JOHOREANS are excited about the overall improvement of the Sungai Segget area and now look forward to more fun and creative activities in the city centre.
One of them is 34-year-old public relations officer Dawson Yeang, who says the area could become a backdrop to more meaningful programmes and activities in the future.
He added that efforts to promote Johor Baru’s rich culture and heritage should not be solely the government's responsibility and that it also required the local community's participation and commitment.
“Non-governmental organisations (NGO) and activists should take the opportunity to apply for the grant to organise more arts, heritage and culture-related contents and signature events to attract locals and tourists to the area.
“Through various interesting programmes, they can then encourage people to appreciate and understand the historical and heritage values of Johor Baru such as the development of Johor Baru from the Sir Sultan Abu Bakar era and how Sungai Segget was an important spine in the city’s history,” he said.
Yeang added that public and private sectors could also forge smart partnerships with the local communities and NGO through their corporate social responsibility funds to hold programmes.
Postgraduate student Norafisyah Ahmad, 29, suggested that a common space or public area be set up to hold weekly creative events and activities for the public
“Johor is known for its traditional zapin and kuda kepang performances. Johor Baru is also the birthplace of the 24 Chinese festive drums.
“Shopping malls have regular fun activities to attract visitors to the premises. Similar efforts can be done for the downtown area too,” she said.
Norafisyah, who is pursuing a master’s degree in architecture, also said she would share information on the grant programme with her coursemates who have been researching on ways to promote the downtown Johor Baru area.
Arulmigu Rajamariamman Devasthanam president V. Raja Selan said the grants programme was timely as the temple would be opening its Indian Heritage Centre in October.
The double-storey centre, located within the temple grounds in Jalan Ungku Puan, was aimed at promoting the Indian community’s rich culture and history.
“Construction of the centre which started in 2019, was completed in August last year but there was a delay in the opening due to the Covid-19 pandemic.
“We are looking forward to applying for the grant to fund our opening ceremony and educational efforts once it is open to the public.," he said, adding that the RM1.5mil centre, and the temple, which is the oldest Hindu temple in Johor Baru, would complement the Sungai Segget project.

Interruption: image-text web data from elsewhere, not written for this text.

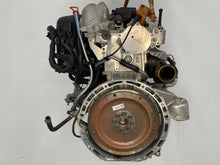 Load image into Gallery viewer, Motor Mercedes-Benz W204 274910 1.6 CGI 85TKm 2012 Benzin Engine Komplett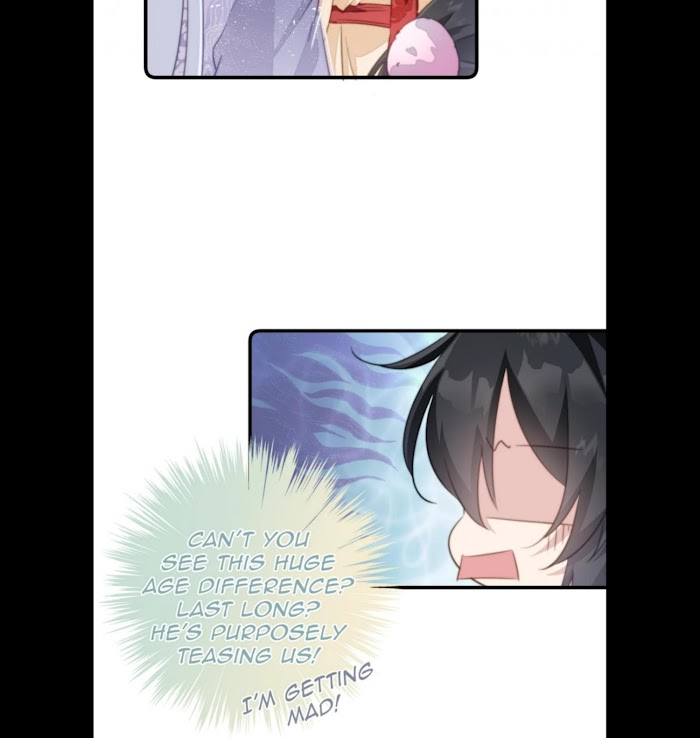 Pet the Little Princess Chapter 34 - Page 30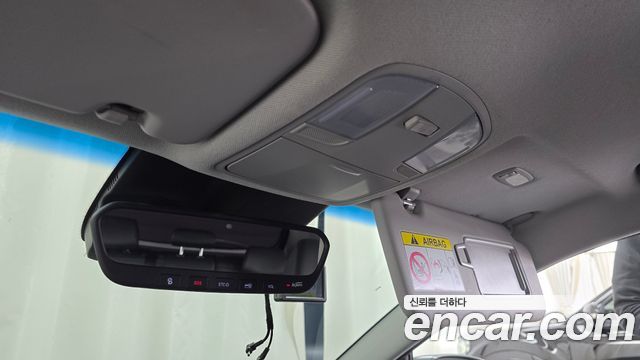 Hyundai Kona 2021 — photo 17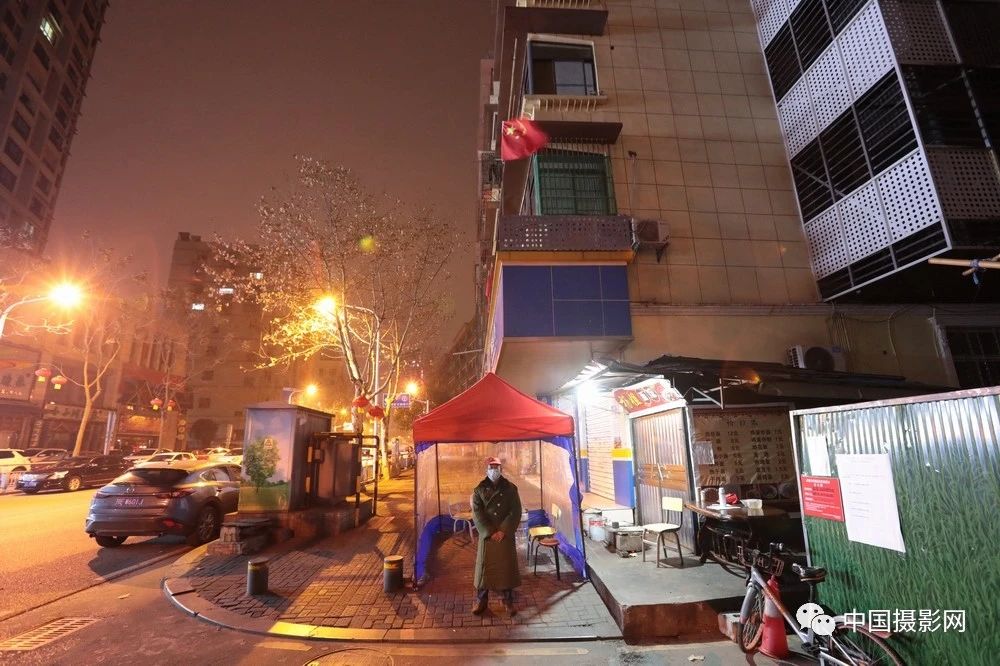 李亚隆：宜昌“转码”75天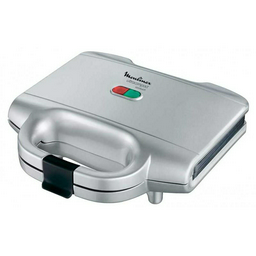 Сэндвичница Moulinex SM154135 серая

Raja Selan, who is also the heritage centre’s deputy chairman, said visitors from all races and background could look forward to exhibitions and displays such as a the golden chariot and important documents and artefacts at the heritage centre.

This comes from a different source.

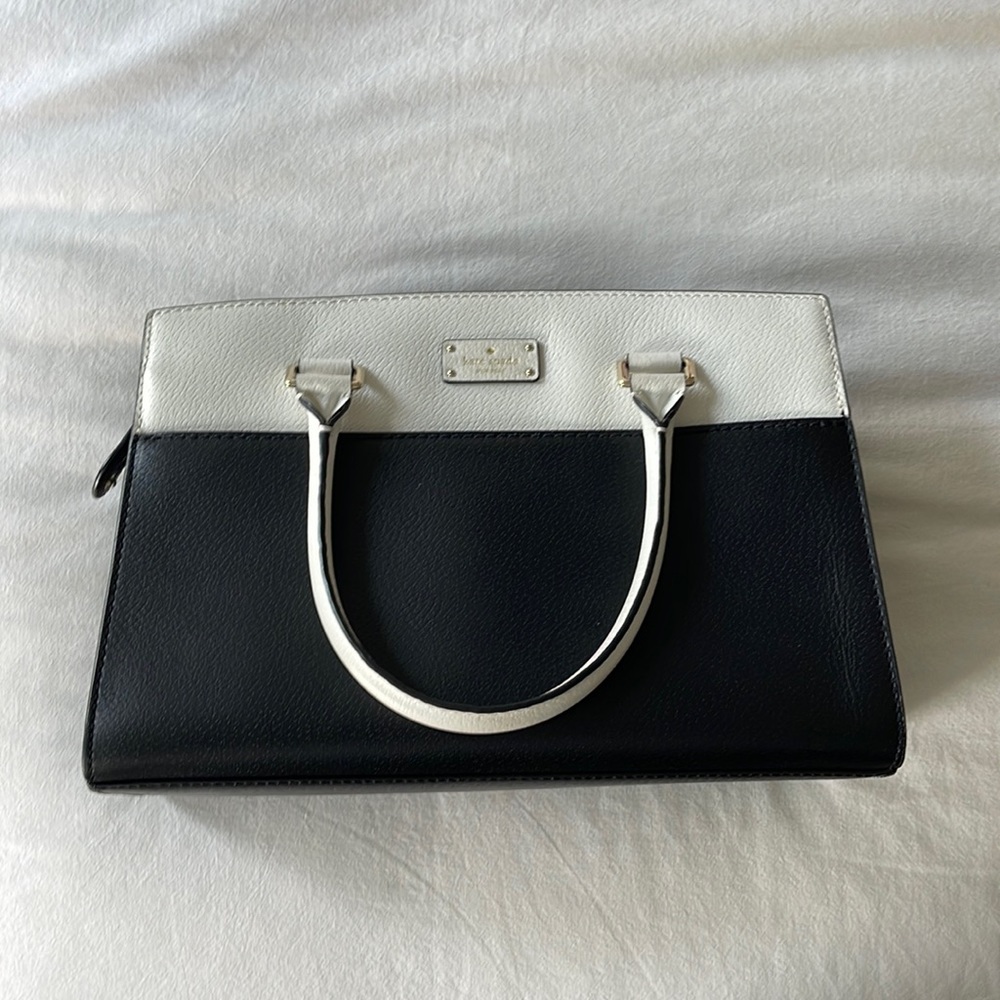 EUC Kate Spade Satchel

“There are many stories of the Indian community waiting to be discovered, such as how the ancestors travelled from India by sea to settle down in Malaya as well as the community’s contribution to the development of Johor Baru.

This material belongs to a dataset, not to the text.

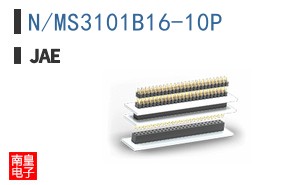N/MS3101B16-10P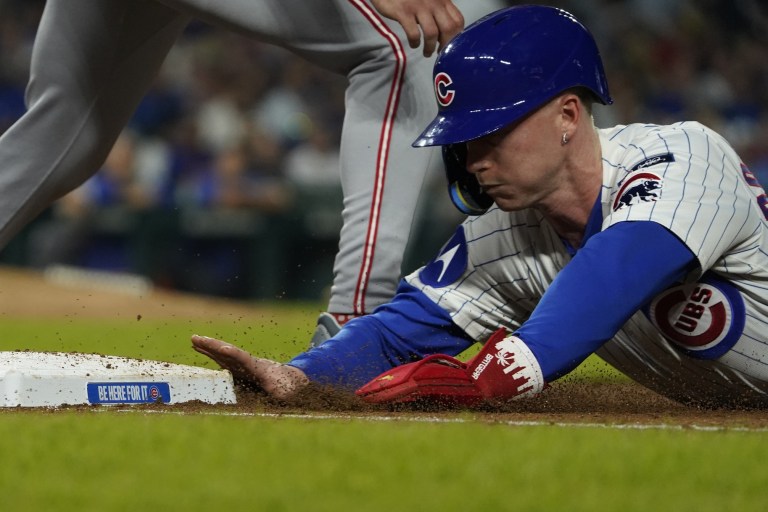 St. Louis Cardinals vs. Chicago Cubs prediction, pick for Sunday 8/10/25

“Visitors and students can also discover unique practices that are lost in today’s world such as how fresh milk in glass bottles were delivered by men on bicycles back in the day,” he added.
Cultural activist Tan Chai Puan, who is also one of the two creators of the 24 Chinese festive drums in 1988, said the grant would help stimulate the local people’s involvement in preserving the arts and culture.
The Sungai Segget rejuvenation and the grant, he said, would make Johor Baru a more lively and vibrant destination comparable to Penang’s George Town.
“A city has to have life otherwise it will just be an empty shell.
“There used to be an annual JB Arts Festival to celebrate the arts, culture, heritage and music but it stopped with the passing of its founding couple Yap Siong Cheng and Suzie.
“We need more substantial content to attract people to the city, be it locals, tourists or even student groups,” he said.
Aside from public art such as murals and paintings, events such as workshops and festivals could draw in the crowds as well, he added.
Tan has planned for a festival to promote Johor Baru’s arts, heritage and culture and would be discussing with the relevant bodies about applying for the grant soon.
“Sungai Segget is a strategic setting for such events because along the strip, there are hotels, shopping malls, banks and eateries.
“I am also looking at involving the old Broadway Theatre and Jalan Tan Hiok Nee in my festival. In that way, we can link the old and new parts of Johor Baru together,” he said.
More activities such as the recent outdoor handicraft market at the Jalan Tan Hiok Nee heritage walk should be organised to motivate artists and craftsmen to continue pursuing their art, added Tan.
“In the past, such artists have felt unappreciated. It is time that we create more opportunities to bridge the gap,” he said.